Michigan will crush MSU in East Lansing.


January 5th, 2018 at 10:11 AM ^

Of all the losses, this one was the worst. PSU and Wisconsin on the road, especially with the injury to Peters are easier to take. OSU game was a really good performance and a couple of competent QB plays away from victory. Bowl game was a shit show, but again...multiple injuries and weirdness. If we beat MSU this year, the narratives are much different. Again, does not mean anything from a program progression standpoint, but a real kick in the nuts.


January 5th, 2018 at 1:19 PM ^

The #1 QB was injured and not up to 100% for last year’s OSU game; this year’s squad played with the QB who was third-string until 2/3 or so of the season was complete. That’s going to hurt progress on an inexperienced team (and yes, OSU was lucky that they won a NC will their 3rd string guy, doesn’t happen often).

There were lots of inexperienced players, who made inexperienced player mistakes that needn’t be enumerated.

Despite these problems, the team did reasonably well. The O-line was the most significant problem this year, and that needs to be fixed. Harbaugh sees the problem as well as we do, so he’ll do that. Michigan will be fine next year.

Harbaugh is a great football coach. 8-5 with this team is in the ballpark of what people thought it was going to be at the beginning of the season.

Yes, it’d be nice if Michigan had one unexpected, killer game against OSU. We’ve beaten MSU and PSU, don’t forget. We came within a hair against FSU next year. Let the process happen and trust it.


January 6th, 2018 at 12:19 PM ^

They have had some "big" wins under Harbaugh; it was only last year that they beat Wisconsin, MSU, and Penn State. Yet after losing all the rivalry games this season and the bowl game collapse, the holes at critical positions (QB, offensive tackle), I don't feel much optimism that things will look better in 2018.


January 7th, 2018 at 8:15 AM ^

...and that is our NEED for next season to be a BREAKTHROUGH. Define it however you will, e.g. beating ND/MSU/OSU, making the B1G championship game, or even making the CFP, but we are all waiting for manifest destiny. The painful disappointments, lack of comback/magical wins, upexpected road victories against supposedly superior teams, etc. have taken a major toll as described in OP's analysis. We've collectively paid our dues, endured the pain, waitied our turn, and now it's time for catharsis in the form of a Harbaugh-led resurgence. Or so we expect. Like most others here, I am optimistic. I have faith in Harbaugh despite how terrible--and terribly coached--we looked during this past season. Unfortunately I also fear that our expectations and NEED for '18 to be a breakthrough might could be a setup for 'ultimate' failure. CFP is a uniquely wonderful sport because of the constant change in players and to a lesser degree coaches. It requires patience and as pointed out by OP, "...build(ing) a foundation from which to reach (the next) level." We're probably on our way to succeeding but on the other hand that's what Lewis and Clark thought after their 2000+ mile and months' long journey up the river finally yielded the salty smell of the sea...only to reveal the Sawtooth mountains between them and the Pacific.
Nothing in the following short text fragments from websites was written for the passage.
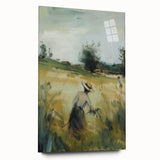 Side view of a modern acrylic landscape wall art piece showcasing vibrant colors and abstract shapes, elegantly displayed without pins for a sleek finish.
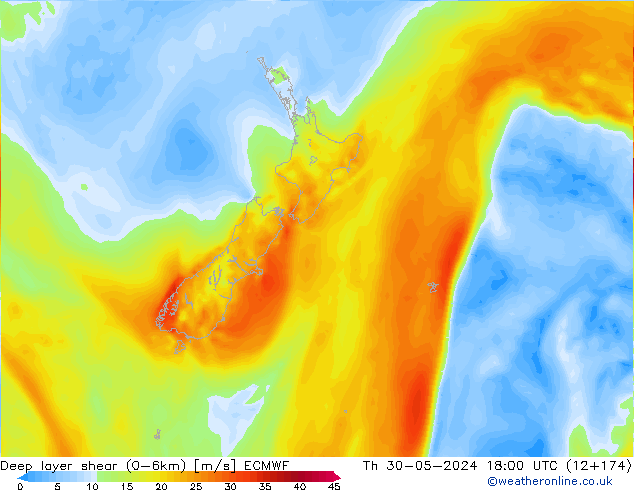 Deep layer shear (0-6km) ECMWF do 30.05.2024 18 UTC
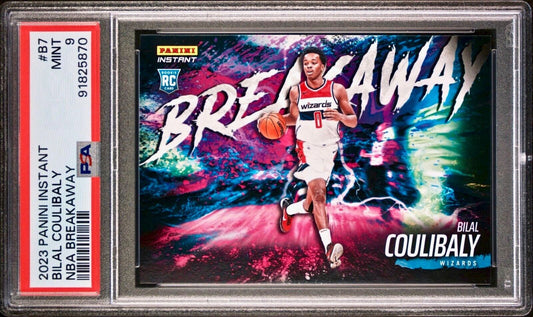 Bilal Coulibaly 2023-24 Panini NBA Breakaway #7 Rookie Card 1 of 4085 PSA 9 Mint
Let's be hopeful but realistic and Go Blue!


January 7th, 2018 at 11:46 AM ^

The other thing to add is the change in offensive philosophy in hiring rich rod. Going from pro style to spread was a dramatic change in recruiting philosophy in particular smaller, faster o lineman. That side of the roster was completely turned over in time for him to be fired. Hoke then had to turn the roster back to a pro set but recruited that side of the ball with extremely mixed results e.g. QB. Now Jim has to address that side of the roster and it’s going to take more than a few recruiting cycles to a) get the roster balanced b) get the personnel JH wants e.g. QB. I think it’s reasonable to assess the team at the end of the ‘19 season.


January 9th, 2018 at 7:29 AM ^

reality bites.  M games are still great fun. i'll enjoy them as best i can and try not to look too far ahead or curse too far behind.


January 12th, 2018 at 2:40 PM ^

The problem is, this team is guaranteed to crumble under pressure.  What I think is driving fans nuts is there is NO faith that the team will rise to match the moment.  Until something happens to change that, progress cannot be expected.